The Orioles offense only had eight hits over the game’s nine innings. They were able to make them count despite going just 2-11 in their at-bats with runners in scoring position, and they didn’t hit any home runs, either. As the saying goes, sometimes you’re the windshield, sometimes you’re the bug. There have been many more bug days than windshield days for the 2021 Orioles. Sunday was a windshield day.
The team got on the board in the third inning against hard-throwing Royals starter Carlos Hernandez. Any time you get a guy hitting 101 in the first inning, that’s a tough assignment. Still, the O’s managed to load the bases with two outs. Austin Wynns walked, Austin Hays singled, and DJ Stewart walked, each with an out between them.
This set up a great clutch hitting situation for one of the O’s surprise players of the last few weeks, Ramón Urías. Since June 27, when Urías returned to the O’s following the injury to Freddy Galvis, he had OPSed .870 heading into today. He singled in two runs to give the O’s a 2-0 lead. As it ended up, this was all the offense they would need. Urías added another hit later. He and Hays were the two Orioles with multi-hit games.
Unlike many recent games, the O’s offense didn’t shut down totally after getting early runs. Trey Mancini delivered an RBI single in the fifth. Wynns hit a two-out double in the sixth that was able to score the speedy Ryan McKenna from first base, just ahead of the throw and tag. The fifth and final O’s run crossed when Dozier booted a grounder off the bat of Kelvin Gutierrez in the eighth inning. With one out, the runner on third was likely to score either way, so Gutierrez got an RBI even if he didn’t get a hit.
By Orioles reliever standards, late inning drama was minimal. The first man out of the bullpen, Adam Plutko, had problems, letting two of the three batters he faced reach base. Manager Brandon Hyde had Tanner Scott ready to go, and it was the good version of Scott who showed up to close the door on the Royals in the seventh. Dillon Tate pitched the eighth and Cole Sulser the ninth, each allowing one hit and nothing else in a scoreless inning.
The win was the O’s 30th of the season, bringing them up to a 30-62 record. They have still lost more than two-thirds of their games to date. Most of the time it’s not fun to watch these guys, so it’s good to enjoy every win that comes along, whether or not it has any meaning for a better Orioles future.

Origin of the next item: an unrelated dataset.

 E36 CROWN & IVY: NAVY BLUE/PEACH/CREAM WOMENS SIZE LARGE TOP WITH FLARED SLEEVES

In the case of Sunday’s game, maybe Hays, Urías, and if you really squint, Tate, can play their way into roles on that better team. It’s nice to dream.
Next up for the Orioles is a trip to Florida, where they might do some little turns on the catwalk at the Trop. Spenser Watkins is the expected starter for the O’s, with Ryan Yarbrough pitching for the Rays in the 7:10 Monday opener.